BRIEF SUMMARY OF THE INVENTION

The classification model learning apparatus for learning a classification model for extracting a particular event from a text desired to be assessed the existence or nonexistence of the particular event based on a plurality of learning texts each possessing both a text and information on the existence or nonexistence of the particular event, according to an aspect of the present invention is characterized by comprising: an evaluation unit configured to evaluate the existence or nonexistence of the particular event for a plurality of learning texts having both a text and information on the existence or nonexistence of the particular event by applying an event related expression for evaluating the existence or nonexistence of the particular event to each learning text of the plurality of learning texts; an extracting unit configured to extract a learning text in accordance with the existence or nonexistence of the particular event evaluated by the evaluation unit; and a learning unit configured to learn a classification model based on the learning text extracted by the extracting unit. Further, the present invention is not limited to an apparatus and may include the invention of a method and program realized thereby.

BRIEF DESCRIPTION OF THE SEVERAL VIEWS OF THE DRAWING

FIG. 1 is a diagram showing a configuration example of a classification model learning apparatus according to an embodiment.

FIG. 2 is a flow chart showing a process of the classification model learning apparatus according to the present embodiment.

FIG. 3 is a diagram showing an example of an event related expression stored in an event related expression storing unit 20.

FIG. 4 is a diagram showing an example of a learning text, which includes dissatisfaction, stored in a learning text storing unit 10.

FIG. 5 is a diagram showing an example of a learning text, which does not include dissatisfaction, stored in the learning text storing unit 10.

FIG. 6 is a diagram showing an example of a learning text, which does not include dissatisfaction, extracted by a learning text extracting unit 40.

FIG. 7 is a diagram showing an example of a training example used by a classification model learning unit 50 to learn a classified model.

FIG. 8A is a diagram showing an example of a classification model related to an attribute “complaint”, which is learnt by the classification model learning apparatus according to an embodiment.

FIG. 8B is a diagram showing an example of a classification model related to an attribute “complaint”, which is learnt by the classification model learning apparatus according to an embodiment.

FIGS. 9A and 9B are diagrams showing an example of a classification model related to an attribute “problem”, which is learnt by the classification model learning apparatus according to an embodiment.
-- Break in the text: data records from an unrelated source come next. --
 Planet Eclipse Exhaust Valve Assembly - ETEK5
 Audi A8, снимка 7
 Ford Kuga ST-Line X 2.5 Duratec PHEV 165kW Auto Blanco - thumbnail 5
FIG. 10 is a diagram showing an example of an evaluation text stored in an evaluation text storing unit 70.

FIG. 11 is a diagram showing an example of an evaluation example generated from an evaluation text.

FIG. 12 is a diagram showing an example of a classification class deduced for an evaluation text.
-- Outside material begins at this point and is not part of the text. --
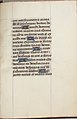 page 293r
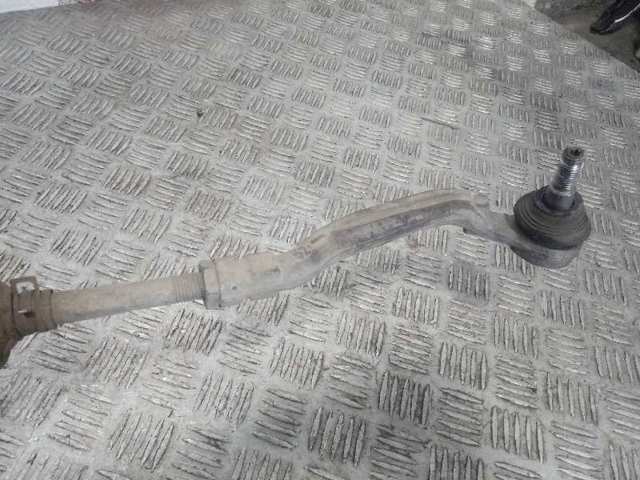 Купити A2C37847100 Peugeot/Citroen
DETAILED DESCRIPTION OF THE INVENTION

Embodiments of the present invention will be explained in reference to the drawings.
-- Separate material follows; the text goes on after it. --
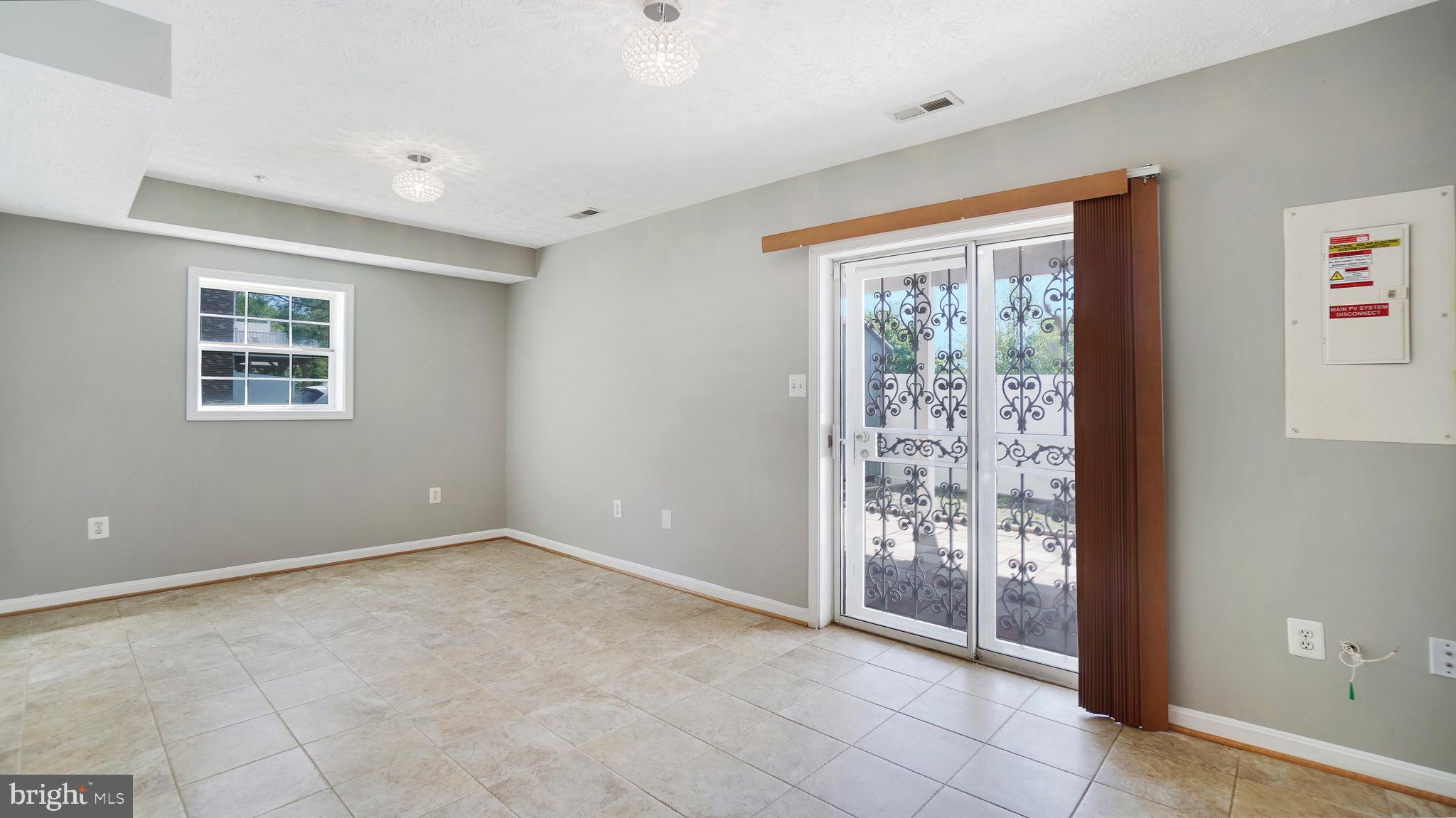 BONIWOOD - Residential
Hereinafter, a technique for conveniently performing text analysis, which automatically evaluates whether or not the event is written in a new text, by using an acquired classification model is disclosed. Here, the term “text data” refers to, for example, a posting written on the message board of a web site, a daily report in a retailing sector containing a written business report and e-mails received at customer centers at companies.

The classification model learning apparatus shown in FIG. 1 includes a plurality of learning texts which respectively contains a text and information on whether or not a particular event exists, learns a classification model by using a group of learning texts devoted for learning a classification model for extracting the particular event, and evaluates the existence or nonexistence of an event for a new text by using a classification model done with learning. The classification model learning apparatus has a learning text storing unit 10, an event related expression storing unit 20, an event related expression evaluation unit 30, a learning text extracting unit 40, a classification model learning unit 50, a classification model storing unit 60, an evaluation text storing unit 70 and a model event evaluation unit 80.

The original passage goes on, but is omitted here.